**AIM OF THE TASK**
Write out, from the entries below, exactly the lines that run between the lines holding "Devostock Colorful roses" and "SUNNY SULJIC | Skate Clips", inclusive, and stop there.

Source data
[Start of Attachment]

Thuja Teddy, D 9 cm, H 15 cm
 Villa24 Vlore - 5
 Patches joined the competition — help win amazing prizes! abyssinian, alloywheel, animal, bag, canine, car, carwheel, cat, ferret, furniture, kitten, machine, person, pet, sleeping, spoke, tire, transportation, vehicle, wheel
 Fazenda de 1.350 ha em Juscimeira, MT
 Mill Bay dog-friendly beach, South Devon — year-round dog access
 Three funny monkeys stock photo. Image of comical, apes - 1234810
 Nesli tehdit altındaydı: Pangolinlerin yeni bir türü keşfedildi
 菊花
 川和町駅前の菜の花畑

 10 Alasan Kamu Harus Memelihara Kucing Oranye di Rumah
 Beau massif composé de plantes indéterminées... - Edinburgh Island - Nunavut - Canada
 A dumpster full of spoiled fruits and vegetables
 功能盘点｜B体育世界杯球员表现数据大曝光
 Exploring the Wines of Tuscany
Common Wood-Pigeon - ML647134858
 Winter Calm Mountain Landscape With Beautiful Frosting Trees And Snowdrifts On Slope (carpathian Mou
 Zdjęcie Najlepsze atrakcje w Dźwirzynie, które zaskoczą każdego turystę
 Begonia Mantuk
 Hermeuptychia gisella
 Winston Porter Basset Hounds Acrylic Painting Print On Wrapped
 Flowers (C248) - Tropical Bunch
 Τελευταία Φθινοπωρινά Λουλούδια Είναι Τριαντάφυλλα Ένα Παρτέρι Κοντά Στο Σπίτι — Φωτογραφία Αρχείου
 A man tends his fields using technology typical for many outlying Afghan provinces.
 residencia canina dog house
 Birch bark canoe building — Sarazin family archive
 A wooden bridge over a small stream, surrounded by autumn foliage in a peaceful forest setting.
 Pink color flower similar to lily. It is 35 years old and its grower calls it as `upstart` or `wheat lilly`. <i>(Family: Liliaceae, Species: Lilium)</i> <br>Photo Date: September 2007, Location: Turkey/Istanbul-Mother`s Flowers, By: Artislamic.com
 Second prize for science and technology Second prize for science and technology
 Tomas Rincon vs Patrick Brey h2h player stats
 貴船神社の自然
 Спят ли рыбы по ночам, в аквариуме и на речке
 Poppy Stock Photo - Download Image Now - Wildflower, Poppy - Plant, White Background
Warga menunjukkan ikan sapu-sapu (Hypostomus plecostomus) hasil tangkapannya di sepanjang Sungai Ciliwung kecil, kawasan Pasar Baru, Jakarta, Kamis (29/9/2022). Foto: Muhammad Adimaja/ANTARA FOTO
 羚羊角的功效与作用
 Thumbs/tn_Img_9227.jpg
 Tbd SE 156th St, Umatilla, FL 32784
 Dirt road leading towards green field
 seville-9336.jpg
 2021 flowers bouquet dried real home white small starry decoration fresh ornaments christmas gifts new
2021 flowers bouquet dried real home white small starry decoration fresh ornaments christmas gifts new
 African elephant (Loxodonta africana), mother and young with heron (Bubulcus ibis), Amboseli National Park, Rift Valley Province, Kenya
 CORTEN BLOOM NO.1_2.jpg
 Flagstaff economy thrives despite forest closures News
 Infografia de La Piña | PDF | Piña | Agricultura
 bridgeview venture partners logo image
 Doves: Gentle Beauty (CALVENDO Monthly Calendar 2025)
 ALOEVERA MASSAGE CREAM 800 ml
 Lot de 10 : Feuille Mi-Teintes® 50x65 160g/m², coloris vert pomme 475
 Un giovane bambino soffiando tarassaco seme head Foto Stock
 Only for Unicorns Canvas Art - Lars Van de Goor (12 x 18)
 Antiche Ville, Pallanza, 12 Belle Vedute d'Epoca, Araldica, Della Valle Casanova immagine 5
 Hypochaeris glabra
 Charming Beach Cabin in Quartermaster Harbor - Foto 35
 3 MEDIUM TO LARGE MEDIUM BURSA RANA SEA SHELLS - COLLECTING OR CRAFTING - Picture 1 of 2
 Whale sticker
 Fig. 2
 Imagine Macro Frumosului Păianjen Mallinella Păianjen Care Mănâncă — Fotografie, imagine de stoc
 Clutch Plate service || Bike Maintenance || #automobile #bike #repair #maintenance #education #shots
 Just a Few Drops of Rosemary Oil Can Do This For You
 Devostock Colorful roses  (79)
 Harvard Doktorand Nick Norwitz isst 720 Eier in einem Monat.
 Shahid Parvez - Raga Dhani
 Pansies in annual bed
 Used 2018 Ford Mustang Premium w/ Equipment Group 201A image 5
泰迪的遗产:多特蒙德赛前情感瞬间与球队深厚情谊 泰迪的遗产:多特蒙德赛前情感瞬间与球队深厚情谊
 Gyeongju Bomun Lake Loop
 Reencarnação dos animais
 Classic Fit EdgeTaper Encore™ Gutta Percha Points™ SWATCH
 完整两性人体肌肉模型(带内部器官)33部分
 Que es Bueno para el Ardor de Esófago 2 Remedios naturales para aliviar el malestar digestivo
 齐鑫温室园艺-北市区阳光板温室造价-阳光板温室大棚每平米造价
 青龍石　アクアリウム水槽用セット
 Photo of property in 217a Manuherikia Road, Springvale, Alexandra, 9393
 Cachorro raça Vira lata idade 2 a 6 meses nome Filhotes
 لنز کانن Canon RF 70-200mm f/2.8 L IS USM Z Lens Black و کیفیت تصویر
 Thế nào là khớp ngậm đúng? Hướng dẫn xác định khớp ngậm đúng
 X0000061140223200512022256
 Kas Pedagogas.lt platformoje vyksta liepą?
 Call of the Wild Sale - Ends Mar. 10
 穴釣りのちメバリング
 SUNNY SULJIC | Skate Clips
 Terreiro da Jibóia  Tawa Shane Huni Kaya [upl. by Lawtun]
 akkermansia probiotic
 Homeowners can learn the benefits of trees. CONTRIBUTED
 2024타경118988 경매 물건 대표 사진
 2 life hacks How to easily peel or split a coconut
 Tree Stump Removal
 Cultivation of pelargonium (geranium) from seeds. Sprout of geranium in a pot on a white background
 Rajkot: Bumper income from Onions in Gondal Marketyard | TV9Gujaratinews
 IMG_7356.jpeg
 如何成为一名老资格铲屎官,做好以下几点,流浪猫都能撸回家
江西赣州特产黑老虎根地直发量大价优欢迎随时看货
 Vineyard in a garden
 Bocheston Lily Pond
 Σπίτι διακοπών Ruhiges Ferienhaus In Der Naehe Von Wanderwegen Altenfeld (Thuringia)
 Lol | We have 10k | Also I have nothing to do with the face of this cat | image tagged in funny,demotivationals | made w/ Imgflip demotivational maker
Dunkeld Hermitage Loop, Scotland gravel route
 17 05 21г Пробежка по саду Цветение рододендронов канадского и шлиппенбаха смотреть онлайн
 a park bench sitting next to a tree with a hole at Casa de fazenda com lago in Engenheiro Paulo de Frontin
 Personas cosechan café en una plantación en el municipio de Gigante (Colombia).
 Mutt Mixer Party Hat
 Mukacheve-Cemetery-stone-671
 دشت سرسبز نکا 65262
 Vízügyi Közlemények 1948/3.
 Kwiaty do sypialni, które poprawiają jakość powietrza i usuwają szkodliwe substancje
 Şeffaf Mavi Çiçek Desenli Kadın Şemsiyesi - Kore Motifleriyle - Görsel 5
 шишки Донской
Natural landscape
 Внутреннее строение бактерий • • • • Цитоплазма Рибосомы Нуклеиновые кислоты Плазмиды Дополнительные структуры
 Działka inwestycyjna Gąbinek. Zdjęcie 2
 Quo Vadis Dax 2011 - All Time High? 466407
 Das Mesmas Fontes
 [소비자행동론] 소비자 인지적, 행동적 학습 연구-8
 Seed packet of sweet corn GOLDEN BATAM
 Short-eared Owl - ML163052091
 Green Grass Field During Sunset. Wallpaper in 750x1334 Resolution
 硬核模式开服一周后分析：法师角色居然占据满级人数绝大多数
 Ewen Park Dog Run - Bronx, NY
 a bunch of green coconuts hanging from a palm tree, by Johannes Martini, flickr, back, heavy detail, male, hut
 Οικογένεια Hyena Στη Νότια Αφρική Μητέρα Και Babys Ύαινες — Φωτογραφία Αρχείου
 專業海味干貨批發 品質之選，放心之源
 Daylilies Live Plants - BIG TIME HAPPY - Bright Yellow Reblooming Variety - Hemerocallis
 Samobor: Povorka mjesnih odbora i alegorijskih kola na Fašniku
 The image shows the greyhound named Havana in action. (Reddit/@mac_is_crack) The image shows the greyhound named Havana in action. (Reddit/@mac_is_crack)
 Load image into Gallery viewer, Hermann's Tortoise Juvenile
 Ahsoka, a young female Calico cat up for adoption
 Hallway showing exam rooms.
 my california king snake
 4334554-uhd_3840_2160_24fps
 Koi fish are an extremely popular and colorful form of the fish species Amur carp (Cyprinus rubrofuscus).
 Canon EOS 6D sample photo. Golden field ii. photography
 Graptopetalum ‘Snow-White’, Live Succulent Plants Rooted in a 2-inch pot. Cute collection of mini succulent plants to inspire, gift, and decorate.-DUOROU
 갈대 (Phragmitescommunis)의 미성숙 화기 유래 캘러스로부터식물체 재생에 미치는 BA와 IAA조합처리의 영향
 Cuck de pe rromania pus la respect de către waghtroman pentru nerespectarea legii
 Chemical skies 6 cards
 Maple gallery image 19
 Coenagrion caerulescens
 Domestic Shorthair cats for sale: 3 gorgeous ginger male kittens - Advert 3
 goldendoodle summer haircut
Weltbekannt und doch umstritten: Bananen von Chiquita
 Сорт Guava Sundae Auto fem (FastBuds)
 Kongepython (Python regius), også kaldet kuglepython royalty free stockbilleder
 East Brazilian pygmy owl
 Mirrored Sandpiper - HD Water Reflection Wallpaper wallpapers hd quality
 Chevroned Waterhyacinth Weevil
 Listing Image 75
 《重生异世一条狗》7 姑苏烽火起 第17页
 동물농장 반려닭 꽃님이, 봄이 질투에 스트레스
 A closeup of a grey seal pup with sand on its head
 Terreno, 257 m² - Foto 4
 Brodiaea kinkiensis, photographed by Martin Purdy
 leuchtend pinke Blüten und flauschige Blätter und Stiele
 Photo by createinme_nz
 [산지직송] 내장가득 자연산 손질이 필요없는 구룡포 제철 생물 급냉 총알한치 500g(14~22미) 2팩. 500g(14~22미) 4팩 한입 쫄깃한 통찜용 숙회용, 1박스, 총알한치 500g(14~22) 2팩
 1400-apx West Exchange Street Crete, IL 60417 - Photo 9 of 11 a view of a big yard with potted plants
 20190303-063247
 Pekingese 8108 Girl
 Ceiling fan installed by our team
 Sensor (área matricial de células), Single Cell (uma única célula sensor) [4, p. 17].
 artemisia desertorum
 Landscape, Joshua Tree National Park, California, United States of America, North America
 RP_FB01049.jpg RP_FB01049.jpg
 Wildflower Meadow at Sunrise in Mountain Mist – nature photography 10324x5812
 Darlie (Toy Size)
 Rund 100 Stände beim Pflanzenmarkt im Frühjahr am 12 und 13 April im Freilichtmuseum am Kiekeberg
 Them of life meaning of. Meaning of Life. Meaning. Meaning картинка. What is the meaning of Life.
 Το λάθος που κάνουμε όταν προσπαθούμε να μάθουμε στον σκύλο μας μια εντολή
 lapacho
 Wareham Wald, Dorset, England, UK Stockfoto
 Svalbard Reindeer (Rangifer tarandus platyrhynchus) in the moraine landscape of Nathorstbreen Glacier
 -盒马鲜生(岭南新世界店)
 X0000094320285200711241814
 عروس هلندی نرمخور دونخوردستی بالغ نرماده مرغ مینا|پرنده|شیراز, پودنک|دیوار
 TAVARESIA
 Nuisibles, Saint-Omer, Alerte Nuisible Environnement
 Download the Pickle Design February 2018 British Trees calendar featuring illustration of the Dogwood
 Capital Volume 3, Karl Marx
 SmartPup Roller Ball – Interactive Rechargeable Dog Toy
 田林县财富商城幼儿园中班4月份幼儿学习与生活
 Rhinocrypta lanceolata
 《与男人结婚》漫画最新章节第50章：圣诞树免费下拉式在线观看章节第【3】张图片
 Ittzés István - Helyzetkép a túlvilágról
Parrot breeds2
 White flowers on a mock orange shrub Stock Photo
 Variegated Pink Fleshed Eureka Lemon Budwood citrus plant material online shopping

[End of Attachment]

**RESPONSE BOX**
 Devostock Colorful roses  (79)
 Harvard Doktorand Nick Norwitz isst 720 Eier in einem Monat.
 Shahid Parvez - Raga Dhani
 Pansies in annual bed
 Used 2018 Ford Mustang Premium w/ Equipment Group 201A image 5
泰迪的遗产:多特蒙德赛前情感瞬间与球队深厚情谊 泰迪的遗产:多特蒙德赛前情感瞬间与球队深厚情谊
 Gyeongju Bomun Lake Loop
 Reencarnação dos animais
 Classic Fit EdgeTaper Encore™ Gutta Percha Points™ SWATCH
 完整两性人体肌肉模型(带内部器官)33部分
 Que es Bueno para el Ardor de Esófago 2 Remedios naturales para aliviar el malestar digestivo
 齐鑫温室园艺-北市区阳光板温室造价-阳光板温室大棚每平米造价
 青龍石　アクアリウム水槽用セット
 Photo of property in 217a Manuherikia Road, Springvale, Alexandra, 9393
 Cachorro raça Vira lata idade 2 a 6 meses nome Filhotes
 لنز کانن Canon RF 70-200mm f/2.8 L IS USM Z Lens Black و کیفیت تصویر
 Thế nào là khớp ngậm đúng? Hướng dẫn xác định khớp ngậm đúng
 X0000061140223200512022256
 Kas Pedagogas.lt platformoje vyksta liepą?
 Call of the Wild Sale - Ends Mar. 10
 穴釣りのちメバリング
 SUNNY SULJIC | Skate Clips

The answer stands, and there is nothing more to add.